Performance Metrics for Regression Models

There are 3 main metrics for evaluating a regression model:

1. R Square/Adjusted R Square

This describes the amount of variation in the DV that can be account for by the model

For multiple linear regression - use adjusted R2 when there are multiple IDV introduced to the model. Since R2 always increases as you add more predictors to a model, adjusted R2 can serve as a metric that tells you how useful a model is, adjusted for the number of predictors in a model.

# using sklearn: method 1
from sklearn.metrics import r2_score
r2_score(y_true, y_pred)

# using sklearn: method 2
model.score(X_train, y_train) # for R2

# Manually compute the Adjusted R2 using the formula (below)

Formula: Adjusted R2

$A d j u s t e d R^{2} = 1 - (\frac{(1 - R^{2}) (n - 1)}{n - k - 1})$

where:

R2: The R2 of the model
n: The number of observations
k: The number of predictor variables

If using statsmodel for linear regression:

# if using statsmodel
import statsmodels.api as sm
X = sm.add_constant(X) # add to feature matrix BEFORE SPLITTING

model = sm.OLS(y_train, X_train).fit()
print(model.rsquared_adj) #display adjusted R-squared

2. Mean Square Error (MSE)/ Root Mean Square Error (RMSE)

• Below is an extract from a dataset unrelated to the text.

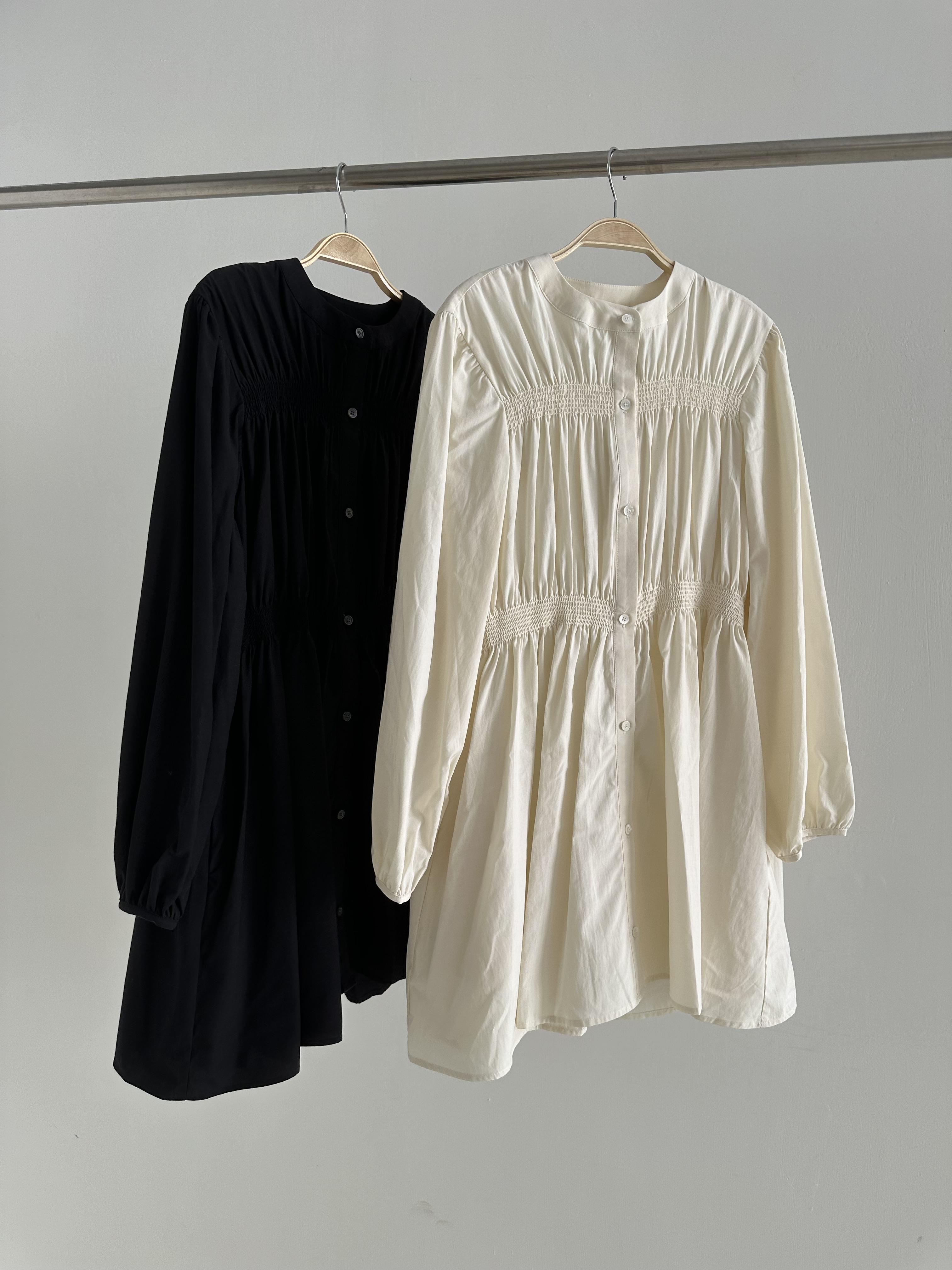 J03 抓摺傘狀短版洋裝3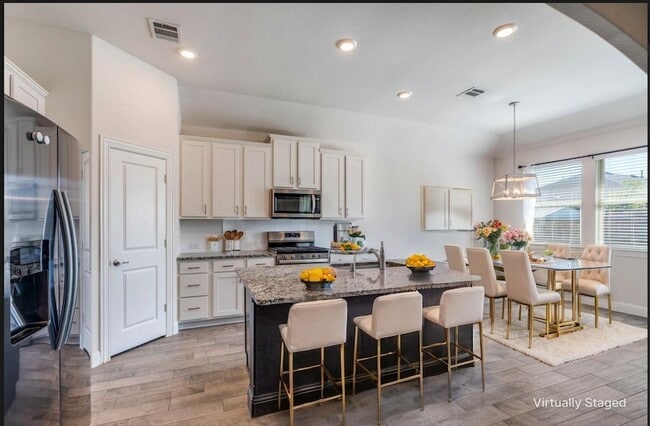 Building Photo - 6224 Cheshire St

The MSE gives you an average squared difference (error) on how much your predicted results deviate from the actual number, measured as:

M S E = \frac{1}{N} \sum_{i = 1}^{N} (y_{i} - \hat{y_{i}})^{2}

RMSE

Root Mean Square Error(RMSE) is the square root of MSE. It is used more commonly than MSE because firstly sometimes MSE value can be too big to compare easily. The smaller an RMSE value, the closer predicted and observed values are.

from sklearn.metrics import mean_squared_error  
import math  
print(mean_squared_error(Y_test, Y_predicted))  # MSE
print(math.sqrt(mean_squared_error(Y_test, Y_predicted))) # RMSE

3. Mean Absolute Error (MAE)

Mean Absolute Error(MAE) is similar to Mean Square Error(MSE).

The MSE is the absolute difference between the actual or true values and the values that are predicted:

M A E = \frac{1}{N} \sum (y_{i} - \hat{y_{i}})

from sklearn.metrics import mean_absolute_error  
print(mean_absolute_error(Y_test, Y_predicted))